## Exercise directions
Having located "グッチ シルバー シルバー925 ブレスレット ユニセックス GUCCI 中古", write out its line and the remaining lines of the material exactly, the last one included, but not the pictures.
++++ Records ++++
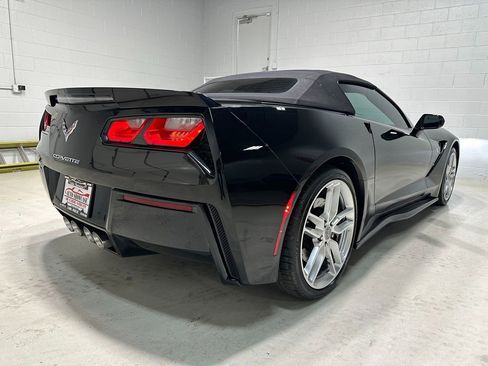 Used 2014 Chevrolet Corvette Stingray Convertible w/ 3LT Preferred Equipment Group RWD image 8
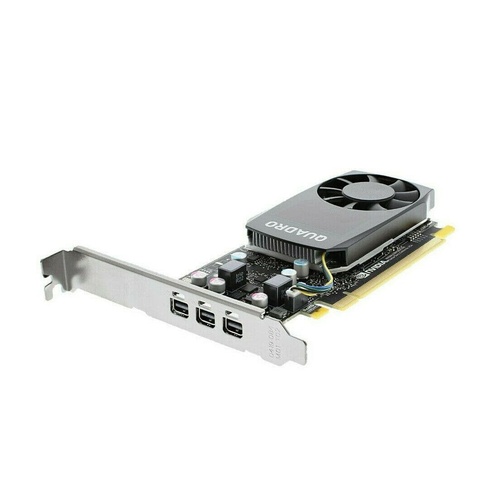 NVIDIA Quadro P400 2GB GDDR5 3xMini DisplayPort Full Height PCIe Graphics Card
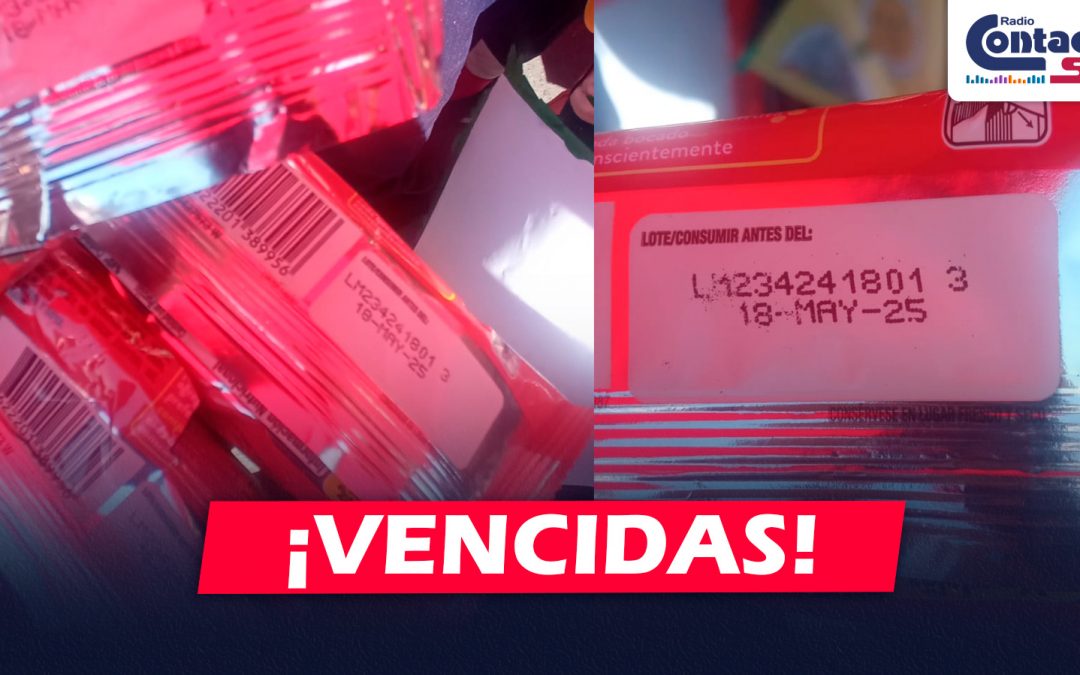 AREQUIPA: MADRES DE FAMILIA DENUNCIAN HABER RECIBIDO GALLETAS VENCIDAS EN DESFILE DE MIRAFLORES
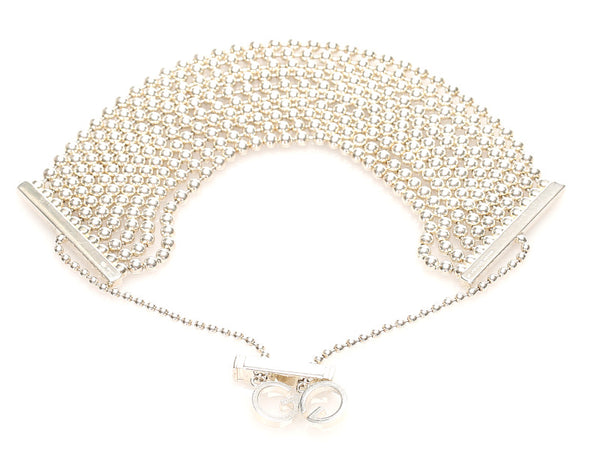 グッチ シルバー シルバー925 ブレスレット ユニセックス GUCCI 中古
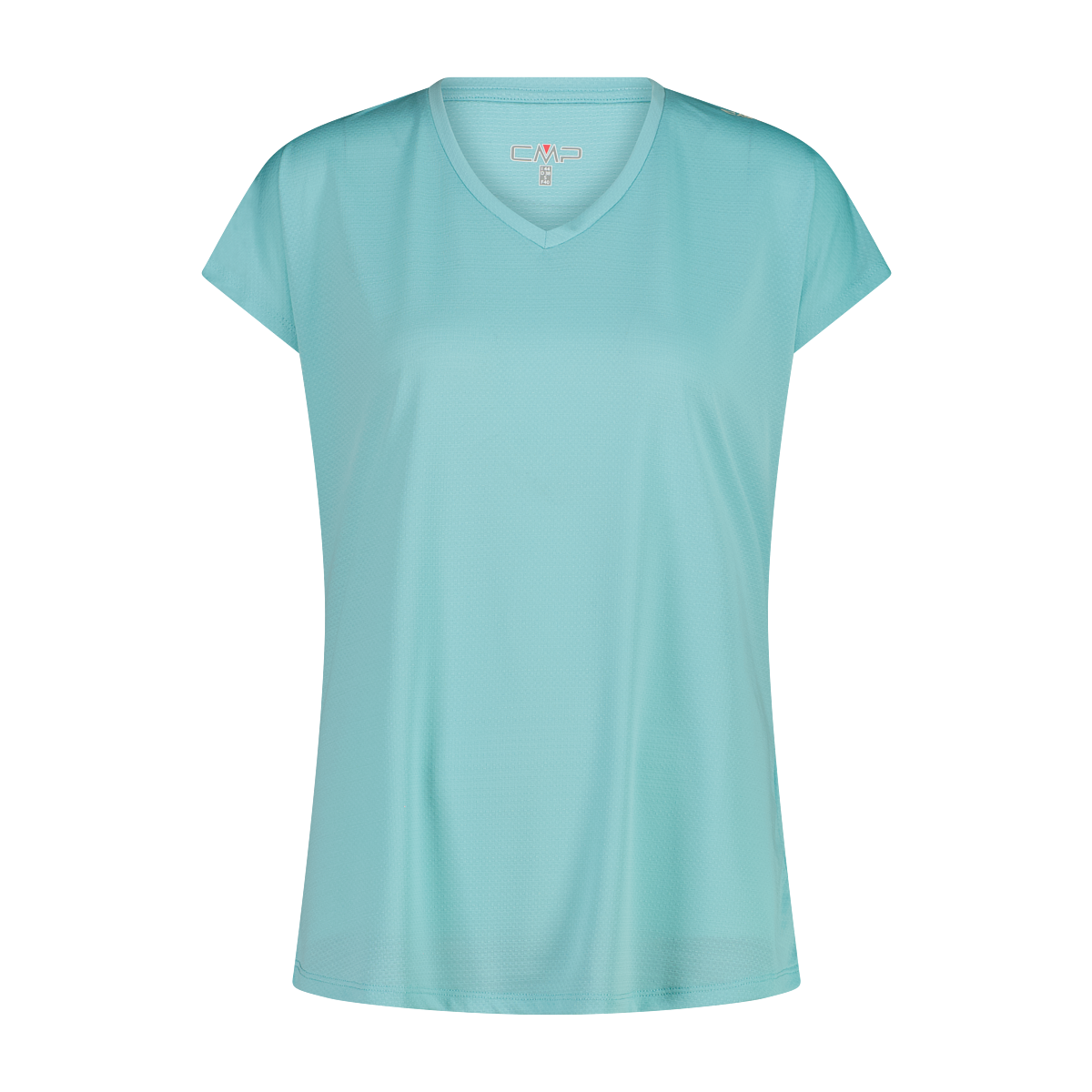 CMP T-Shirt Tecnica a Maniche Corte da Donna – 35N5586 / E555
++++
## Your solution
 グッチ シルバー シルバー925 ブレスレット ユニセックス GUCCI 中古
 CMP T-Shirt Tecnica a Maniche Corte da Donna – 35N5586 / E555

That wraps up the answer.